The bribery was found by the World Bank and its integrity arm to be “sophisticated”.
The firm masked bribes to public officials using so-called “ghost contracts” or by paying for them to go on “study tours” that never took place.
“[The firm used] comparably sophisticated means of affecting and covering up the illegitimate payments through the use of third-party agreements, ghost contracts, and fake invoices,” the World Bank’s independent integrity arm alleged, according to a sanctions decision.
Different SKM subsidiaries were used to help mask the bribes and make the payments. A range of staff appeared to have knowledge of the payments.
One staff member gave damning testimony that SKM had made “provision[s] for illegitimate payments in all of the projects for which [the firm] tendered since 2000”.
SKM is also now facing criminal prosecution in Australia for conspiring to bribe officials in two countries: Vietnam and the Philippines.
Court documents seen by Guardian Australia allege SKM offered bribes to Vietnamese officials between 2006 and November 2011 to secure work on four infrastructure projects, including in Thanh Hoa, Da Nang and the northern mountains. The company is alleged to have offered benefits of $USD880,000 ($AUD1,193,632).
SKM also allegedly conspired to bribe officials on five separate projects in the Philippines between 2000 and mid-2005, including sewage, river rehabilitation, and air quality projects in Manila, and an urban services project on Mindanao.
The firm is accused of offering benefits worth about PHP 6,543,578.94 ($AUD165,768.09) to “unknown public officials” from the Philippines working on the tender approval process for infrastructure projects.
There is no evidence SKM directly used Australian taxpayers’ money to bribe foreign officials and there is no suggestion it acted improperly to win aid contracts from the Australian government.
But the case has raised questions about the strength of Australia’s supposedly “zero tolerance” approach to foreign bribery and the level of scrutiny applied to Australian corporations that win big through the foreign aid program.
Australian authorities are likely to have known about the bribery allegations since at least 2012, when the firm self-reported to the World Bank’s integrity arm, which has a formal information sharing agreement with the federal government.

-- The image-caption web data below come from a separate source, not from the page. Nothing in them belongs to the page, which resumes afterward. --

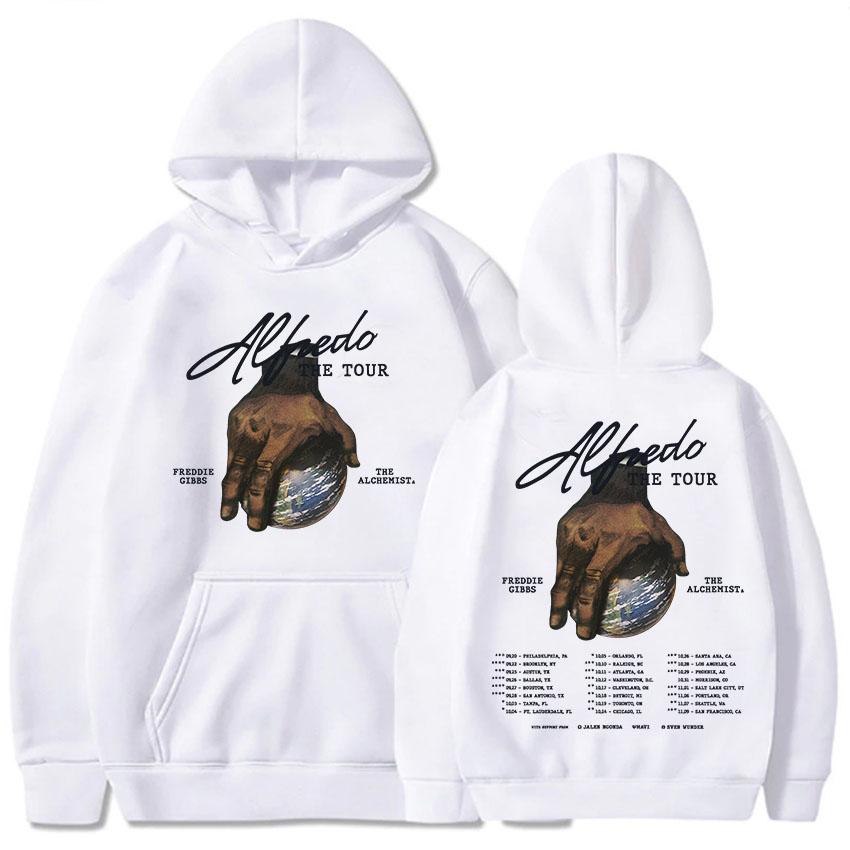 Толстовки Freddie Gibbs ALFREDO Tour Осень/Зима Свободные Толстовки с Капюшоном для Мужчин Теплый Флис Мужские Женские Пуловеры Уличная Одежда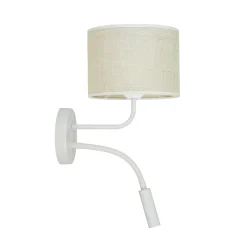 Rullaseinävalaisin, juutti, valkoinen/beige, lukuvalot, lukuvalo
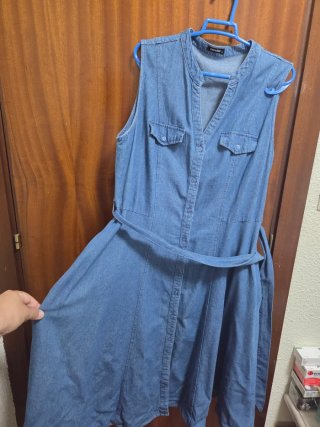Vestido vaquero sin mangas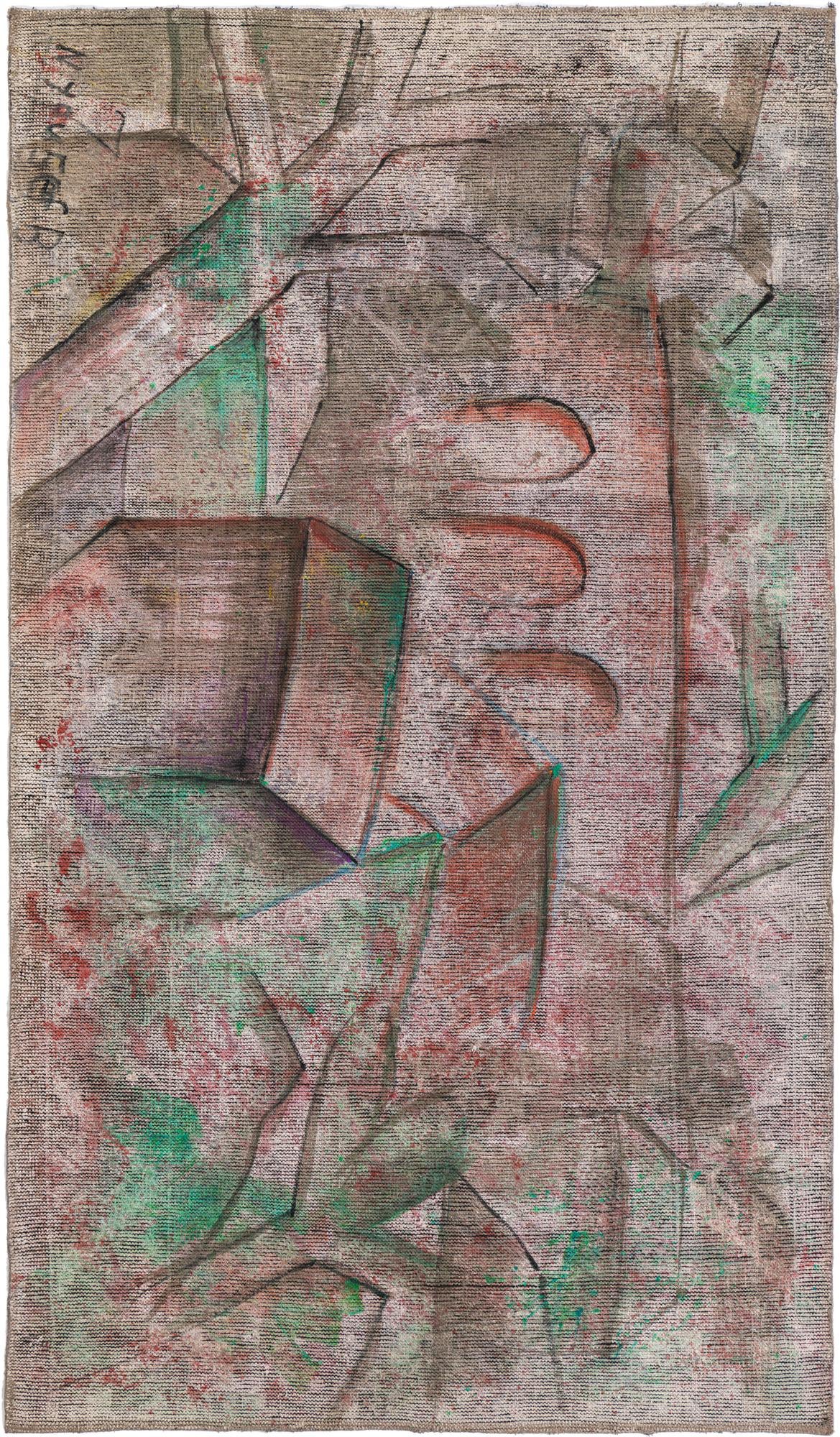  3' 9 x 6' 5  Hand Knotted Ultra Vintage Persian Wool Rug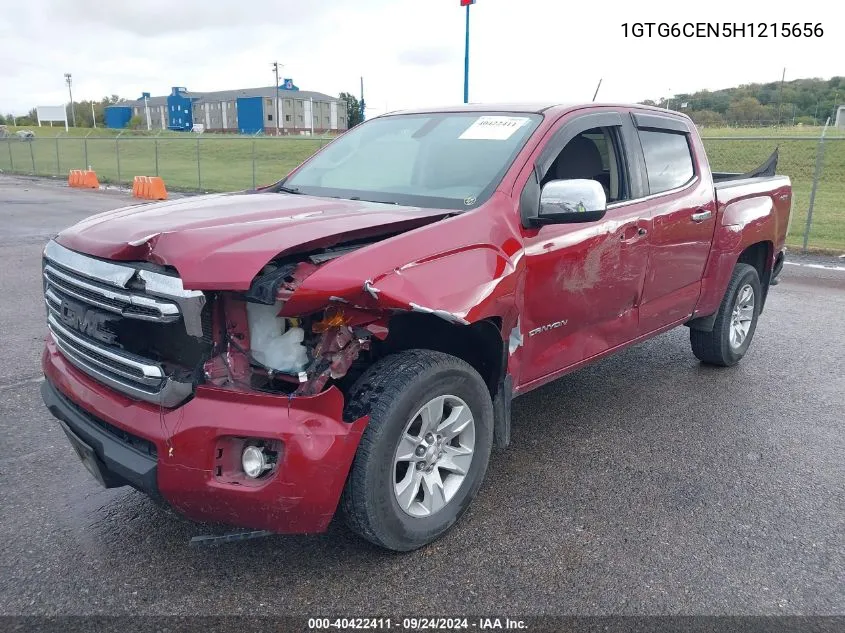 2017 GMC Canyon Sle VIN: 1GTG6CEN5H1215656 Lot: 40422411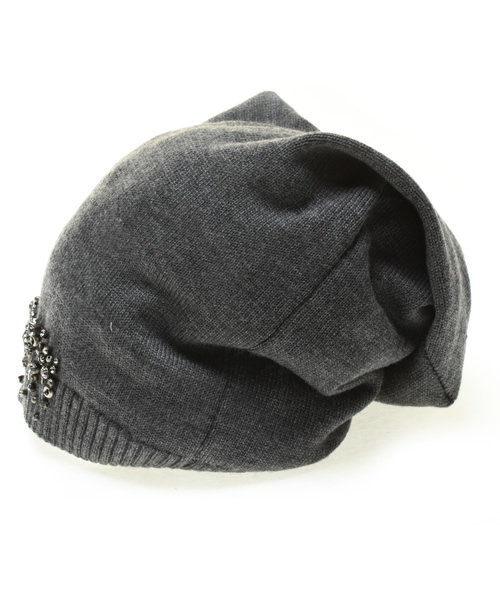 bpr BEAMS（ビーピーアール ビームス ）の「rada / "H5905" ニットキャップ（ニットキャップ/ビーニー・レディース・グレー/ベージュ・ONE SIZE）」の7枚目の写真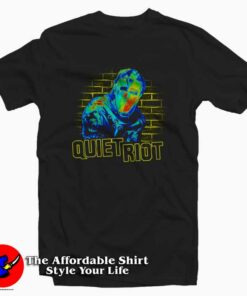 Quiet Riot Metal Health Thermal Neon Unisex T shirt On Sale 1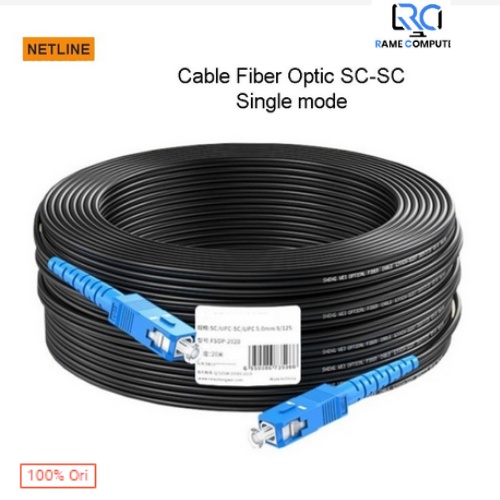 KABEL FO SC-SC SINGLE MODE (black) - 50M / 80M / 100M external / outdoor Netline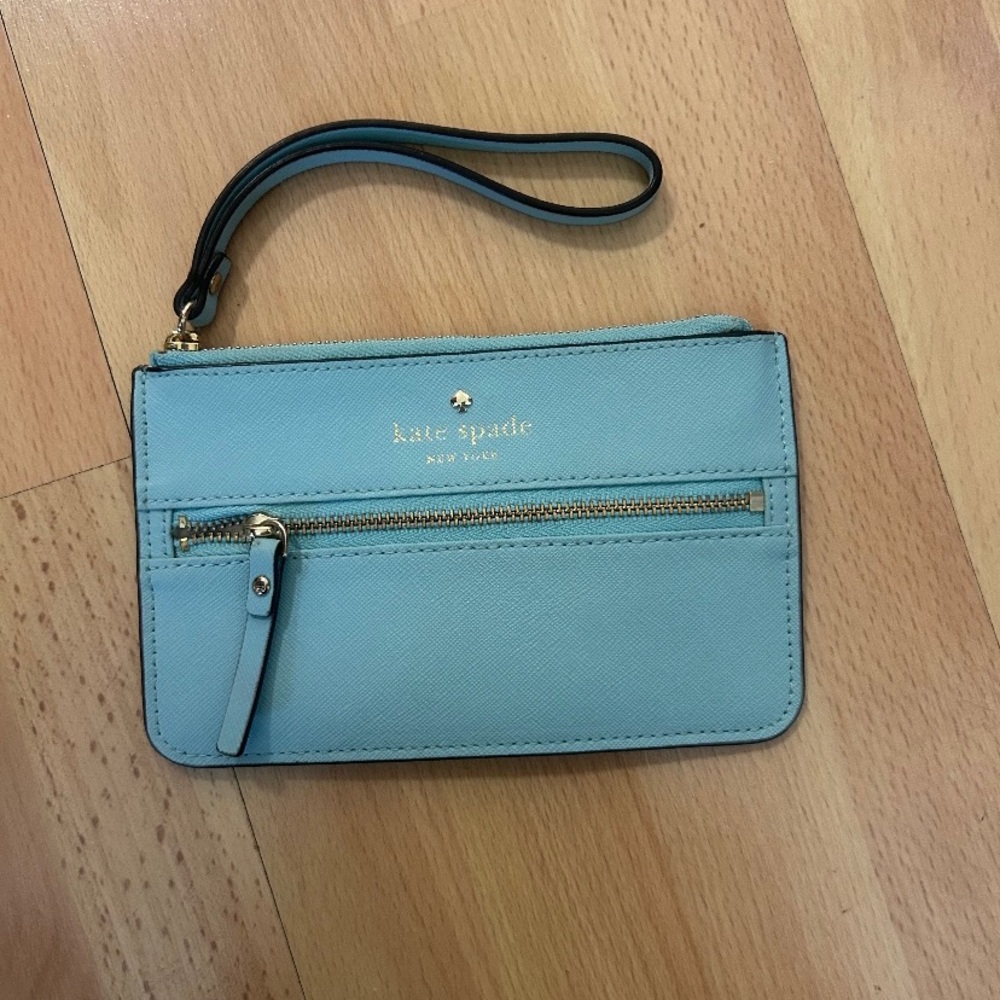 Kate Spade Blue Wristlet Wallet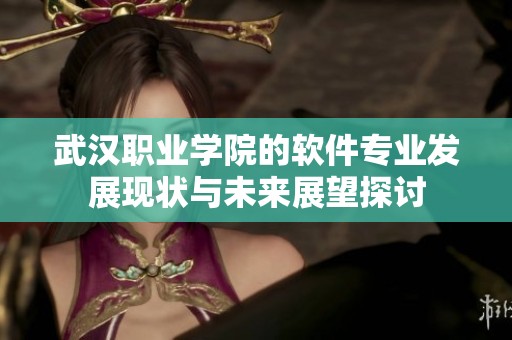 武汉职业学院的软件专业发展现状与未来展望探讨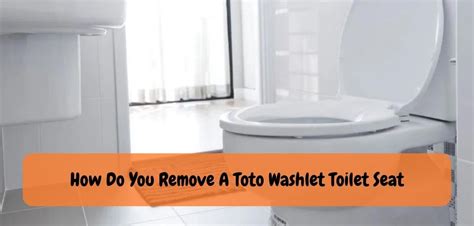 How to Easily Remove Your Toto Washlet Toilet Seat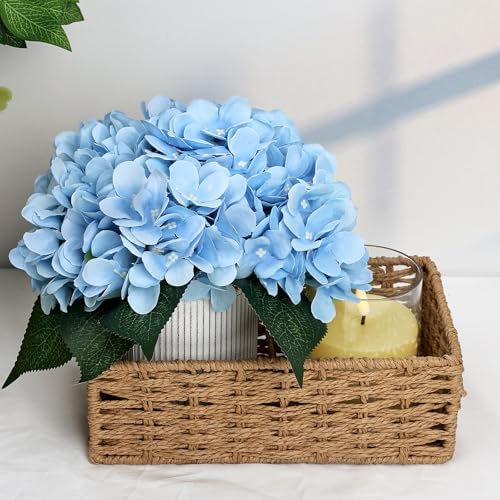 Pastel Blue Flower Table Centerpieces - Set of 6 - Image 6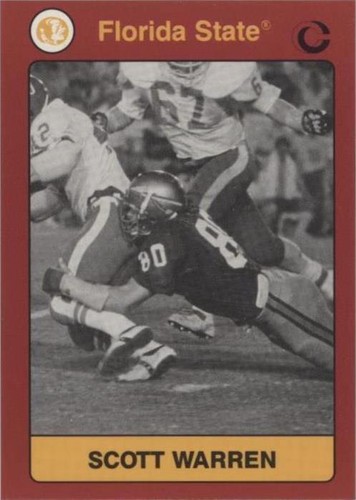1991 Collegiate Collection Florida State Seminoles Scott Warren #119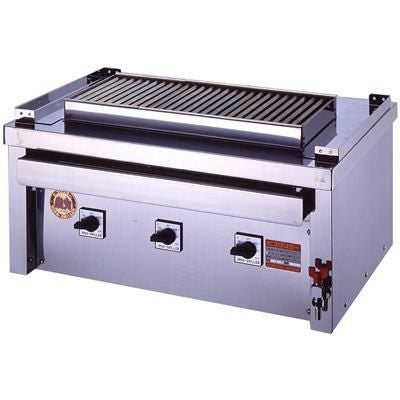 ヒゴグリラー ステーキグリラー 三相200V 3P-212CS 幅810×奥行550×高さ380mm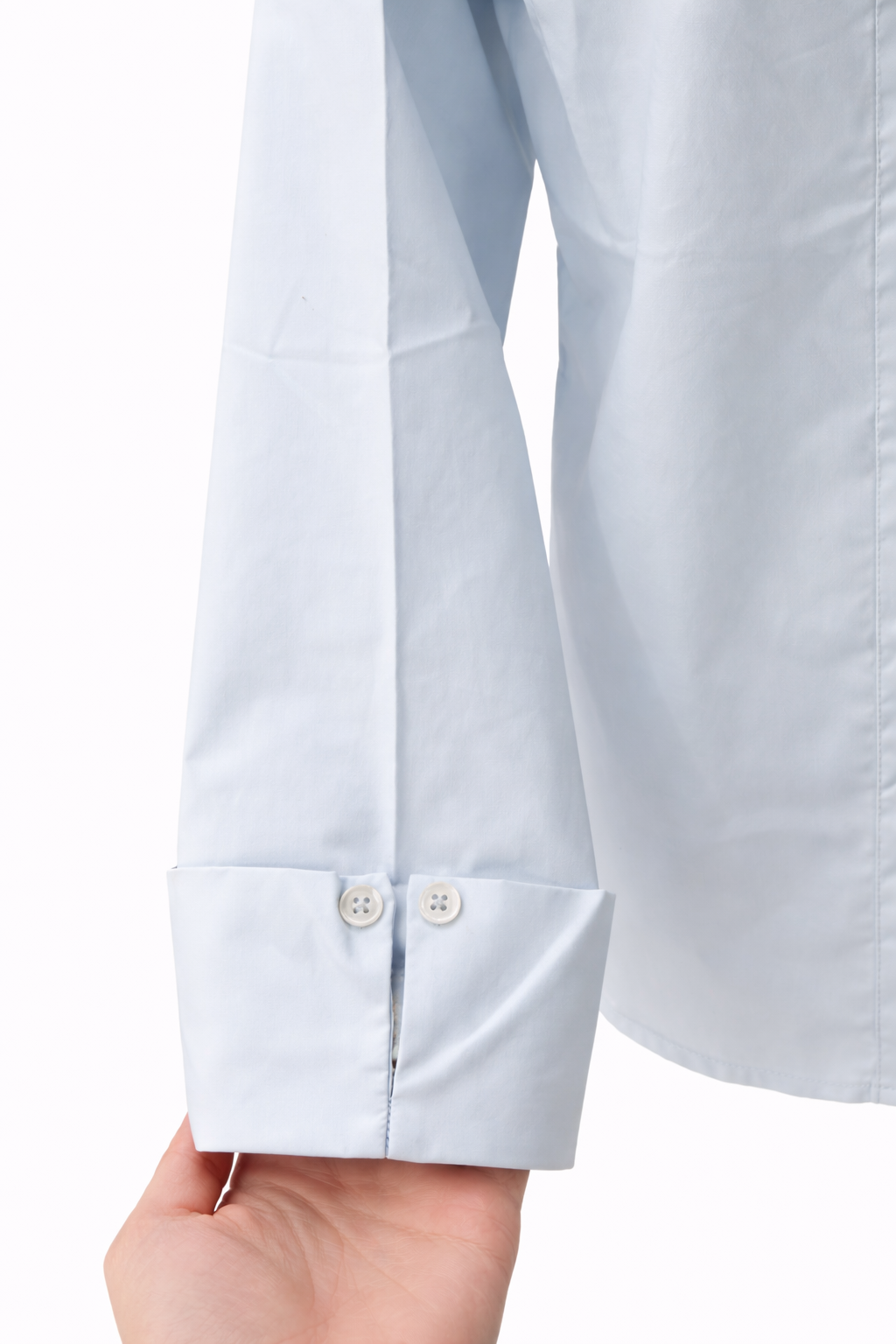Poplin Shirt with Cuffs – Light Blue - 111020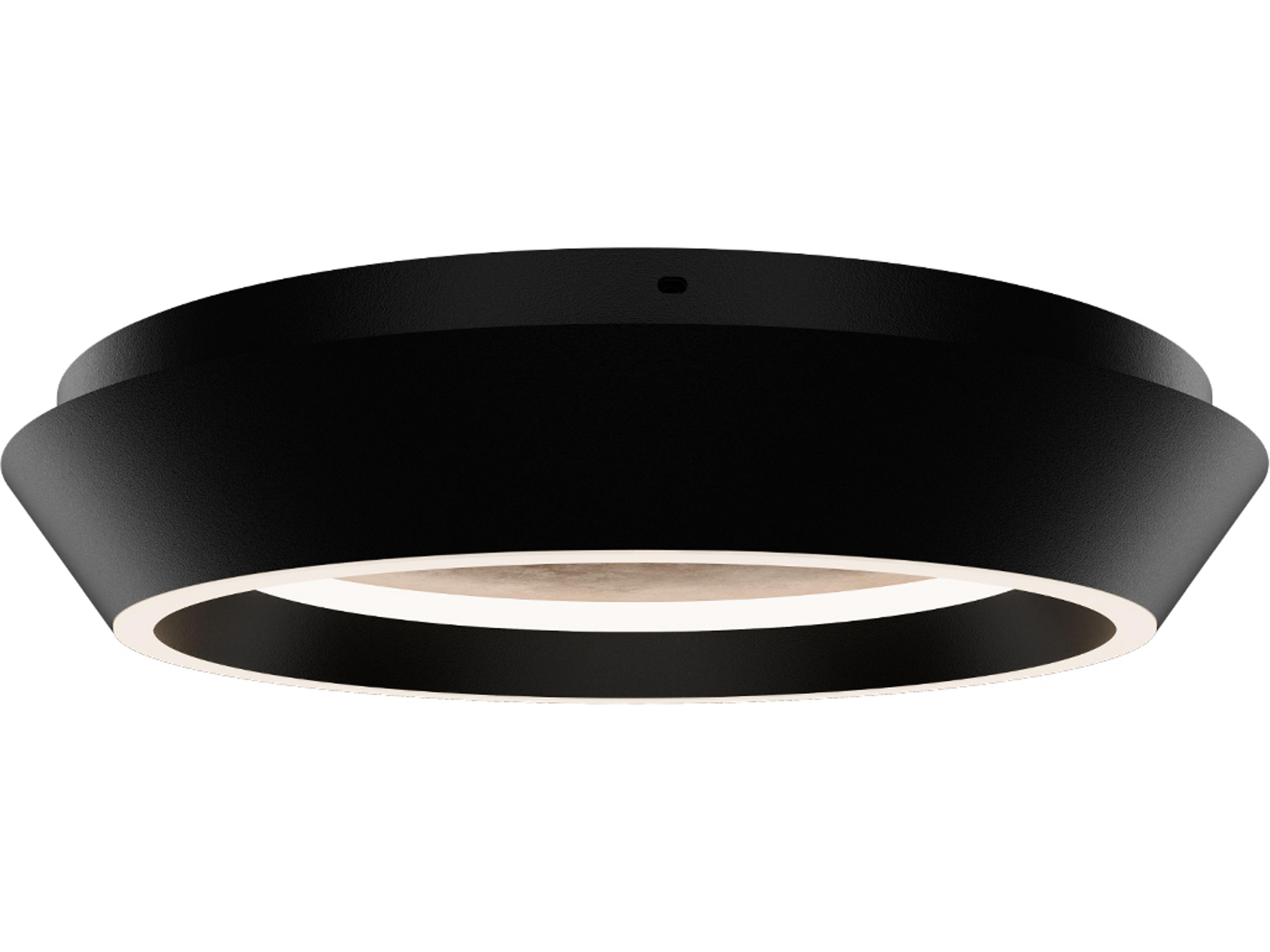 Modern Forms Tinzel 1-Light Black Gold Leaf Round Flush Mount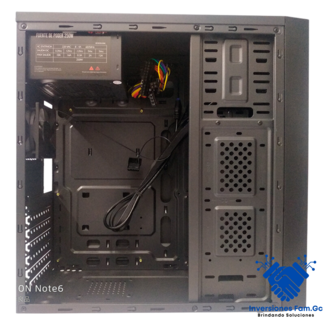 CASE TEROS TE1075N, MID TOWER, ATX, 250W, USB 3.0 / 2.0, AUDIO, NEGRO.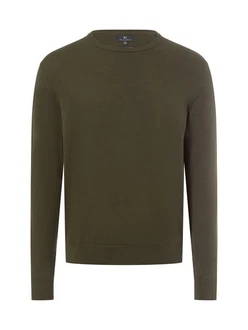 Nils Sundström Strickpullover Dunkelgrün/Khaki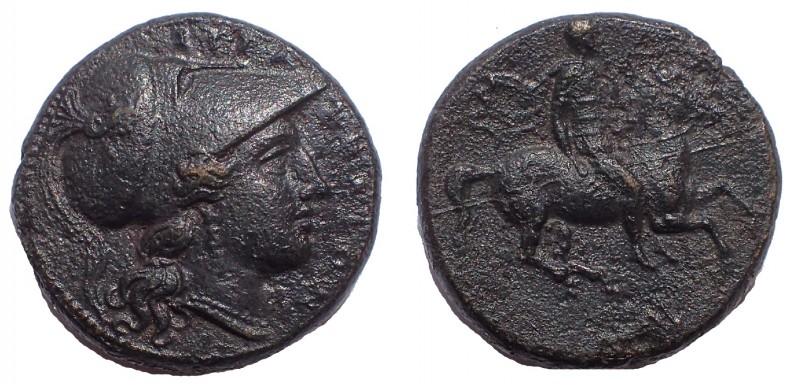 Sicily. Syracuse. 20 mm. 7.26 gm.Timoleon and the Third Democracy (344-317 BC). ...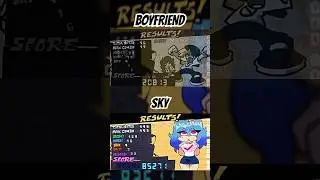 FNF GOOD RESULTS BOYFRIEND VS SKY #fnf #fnfmod #sky #animation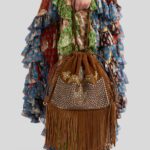 MEDIUM SUEDE KALISPERA BAG WITH STUDS AND FRINGES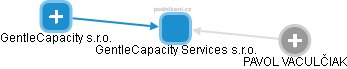 GentleCapacity Services s.r.o. - obrázek vizuálního zobrazení vztahů obchodního rejstříku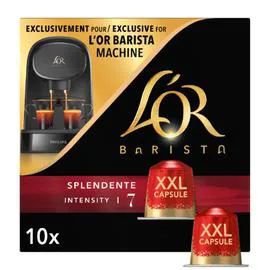 L'OR, BARISTA Café capsules Compatibles Double Splendente 10x10,4g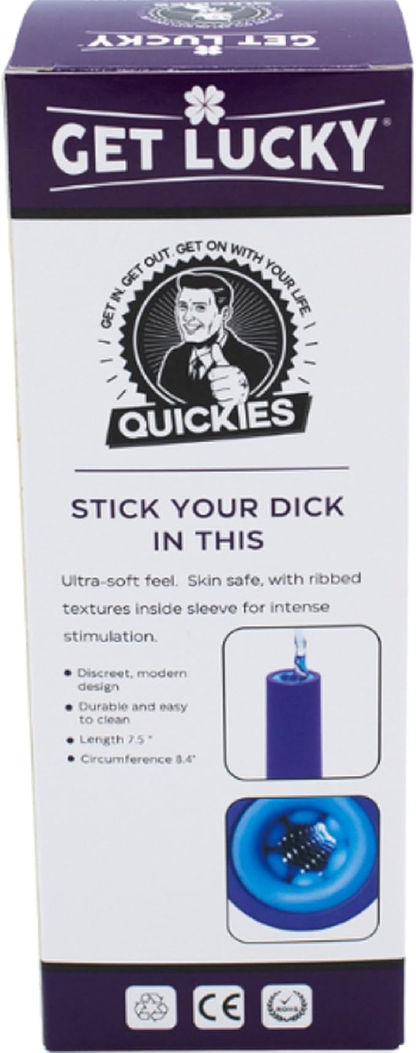 Viben Quickies Stick Your Dick in This Masturbator – Blue – Waterproof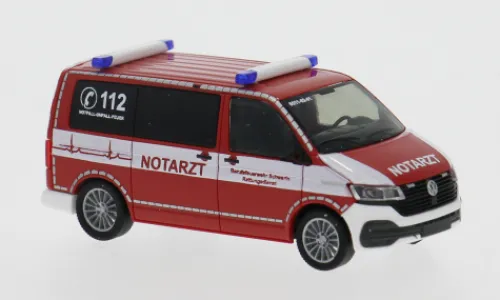 Rietze VW T6.1, Notarzt BF Schwerin, 1:87, Clearance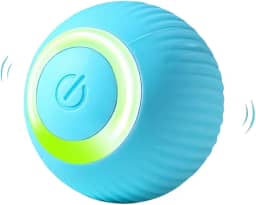 Bola para Pet Inteligente Giratória Interativa Brinquedo para Gatos e Cachorros com Movimento Automático Rotação 360° LED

The Australian federal police (AFP) began investigating the allegations in July 2013.
Despite this, the government continued to contract SKM on foreign aid projects until the end of 2013, when the firm was bought out by Californian contracting giant Jacobs. The government continues to award contracts to Jacobs on defence-related projects.
In total, the company received 83 contracts worth $489m from Australia’s aid program between 2000 and 2014, according to government figures. It worked largely on infrastructure-related aid projects, and advisory, consulting and service-oriented contracts relating to a diverse range of topics, including sanitation, energy, and health care on Nauru.
SKM was awarded Australian aid contracts specifically relating to Vietnam in 2008, 2009 and 2011, and the Philippines in 2008 and 2012.
Anti-corruption advocates have long warned against continuing to give government contracts to firms found to have paid bribes to foreign officials.
In 2016, Transparency International urged the government to legislate to bar such companies from government work if they are found to have bribed overseas officials – an approach taken in Canada and the United States.
An AFP spokeswoman said Jacobs, the company that bought out SKM, had cooperated “at all times” during the investigation. Jacobs said the allegations against SKM dated back 18 years and in no way reflected the ethics and practices of its firm.
“The activities reported to authorities by SKM date as far back as 18 years ago, long before Jacobs acquired SKM in December 2013,” a Jacobs spokeswoman said. “In no way does that conduct reflect the ethical business standards and practices of Jacobs.”
Instances of fraud or corruption in Australia’s foreign aid program remain extremely rare, and there is strong, sometimes overbearing scrutiny on the way aid money is spent.
The Department of Foreign Affairs and Trade (DFAT) retains strong auditing and anti-fraud measures to ensure public money is not misused on aid projects. A spokeswoman described those measures as “robust”.